The answer must be an exact copy of the lines from the one with "RI license plate 643644" to the last line of the entries below, both included, and must contain no pictures.

**RECORDS SUPPLIED:**
--- START ---

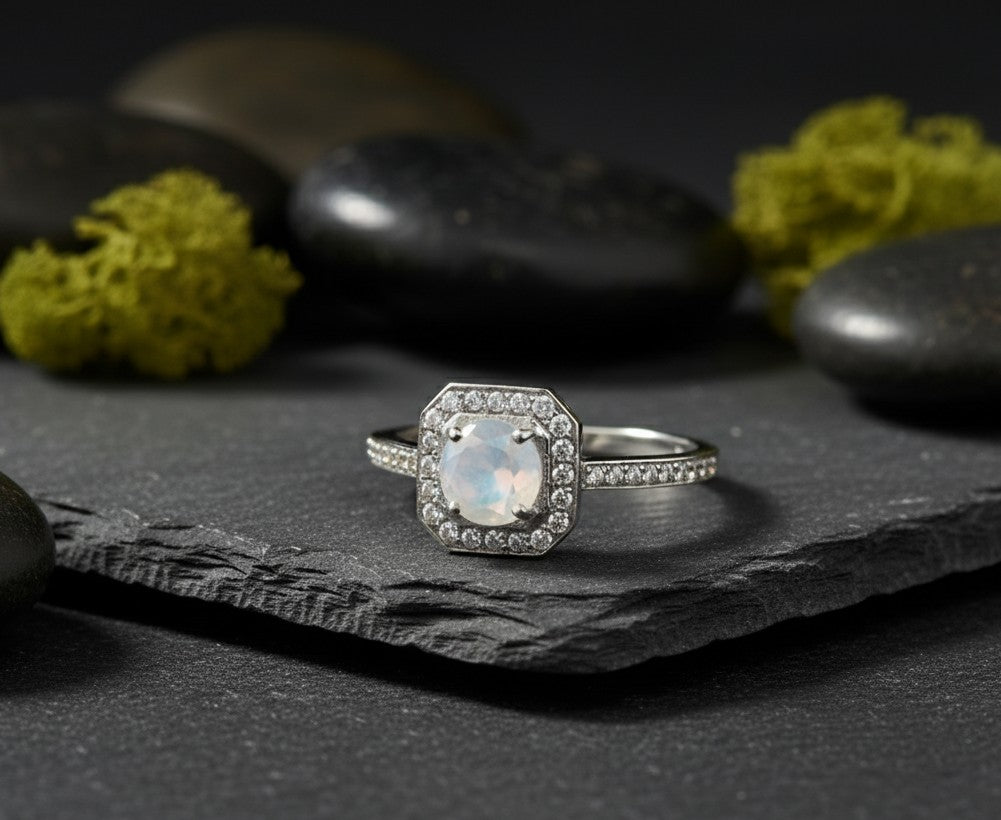 Celestial Halo Ring: Natural Moonstone & Dazzling Moissanite Cluster in Sterling Silver
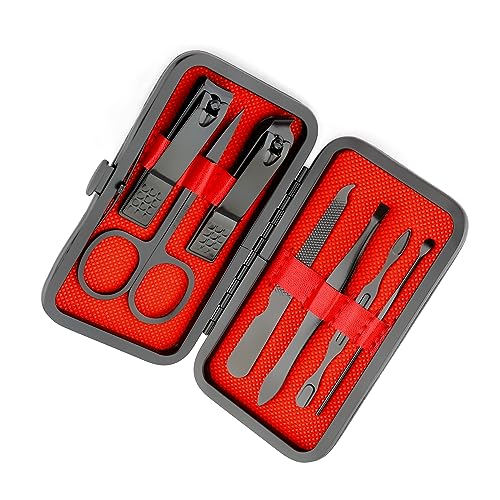 Stocking Stuffers Manicure Set Nail Clippers Nail Tools Pedicure Supplies Nail Clippers for Women Men Christmas Gifts Fingernail Toenail Clippers 8 in 1 Manicure Tools Black with Leather Travel Case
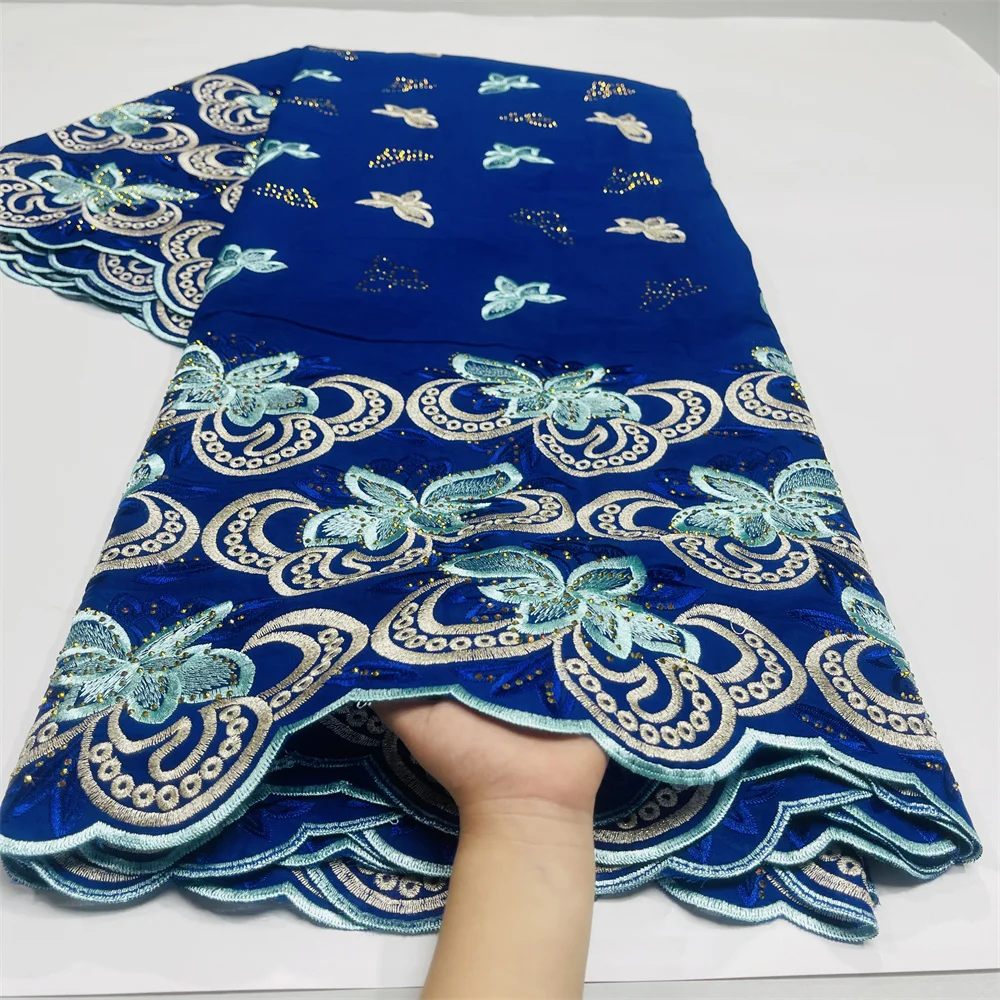 

Высококачественная хлопчатобумажная кружевная ткань Lafaya 5 ярдов, новинка 2023, швейцарская кружевная ткань с вышивкой, Африканское сухое кружево для женского платья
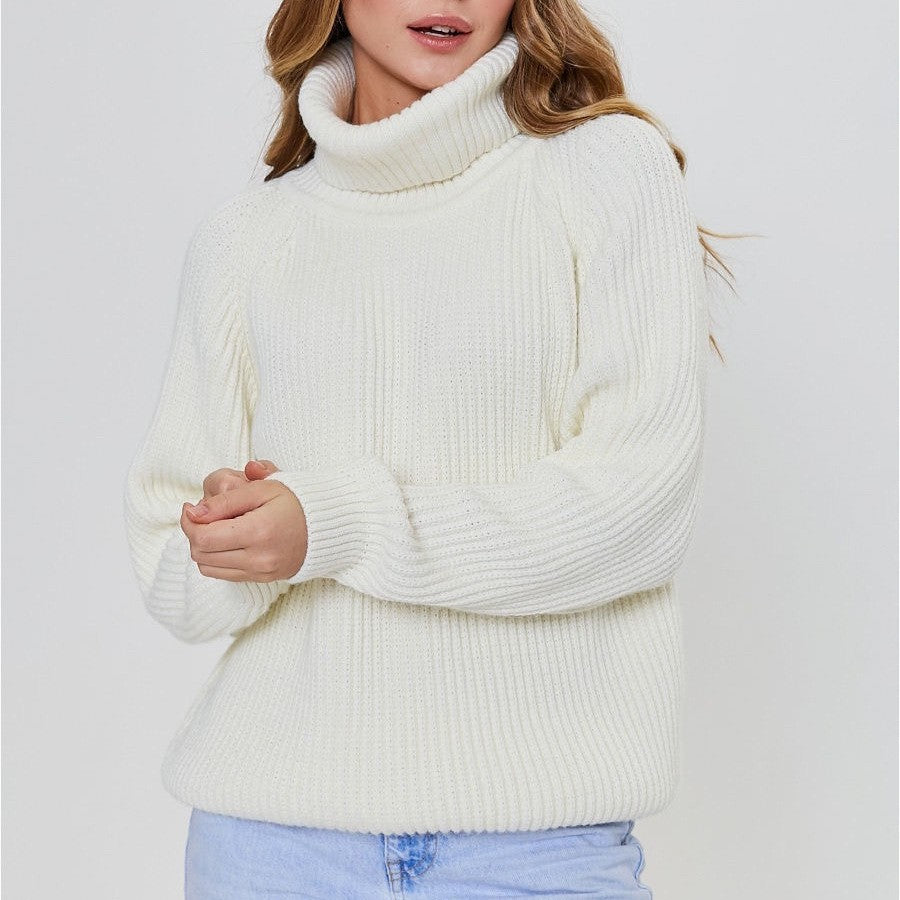 Womens Solid-color Loose-fit Turtleneck Knitted Sweater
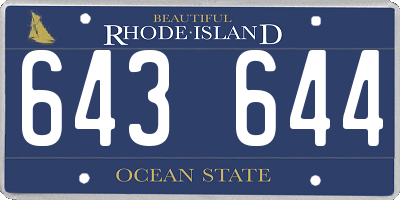 RI license plate 643644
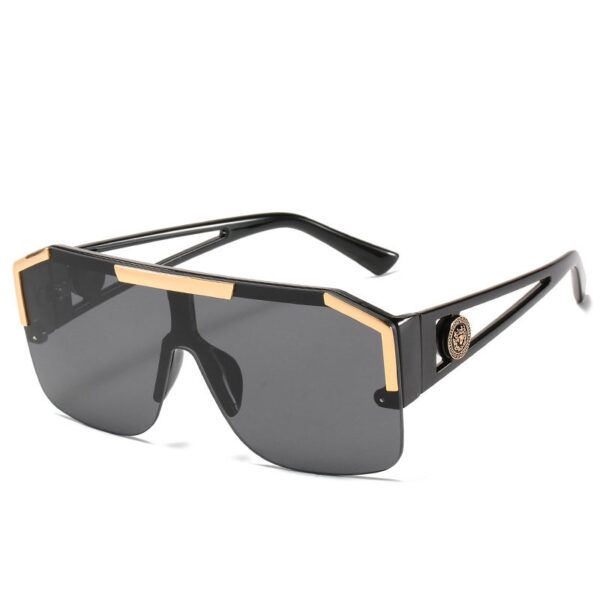Oversized Square Sunglasses Men Women Vintage Metal Big Frame Semi-Rimless One Lens Sun Glasses UV400 - Image 8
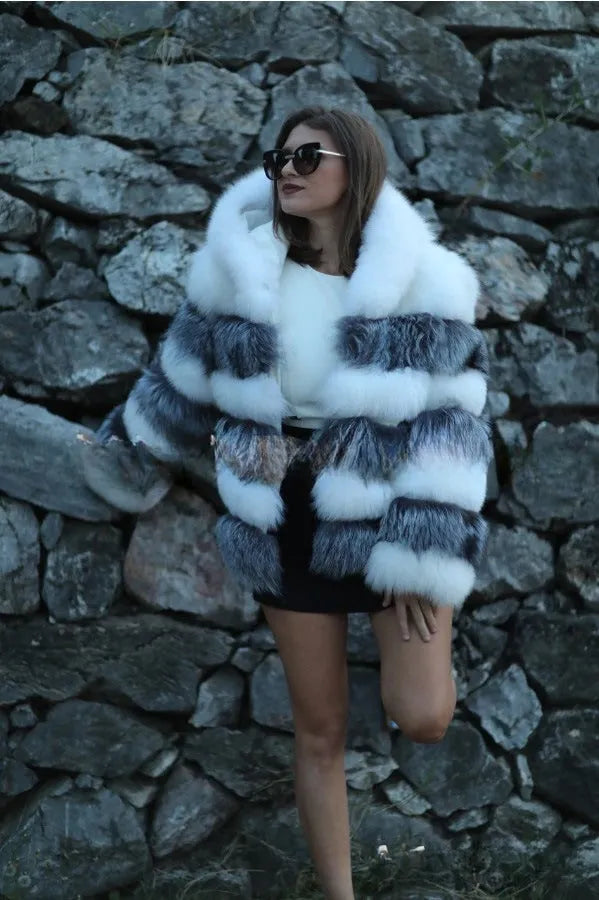 Women's mid-length artificial fur coat with a detachable hood in silver fox white or brown.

--- END ---

**TASK RESULT:**
 RI license plate 643644
Oversized Square Sunglasses Men Women Vintage Metal Big Frame Semi-Rimless One Lens Sun Glasses UV400 - Image 8
 Women's mid-length artificial fur coat with a detachable hood in silver fox white or brown.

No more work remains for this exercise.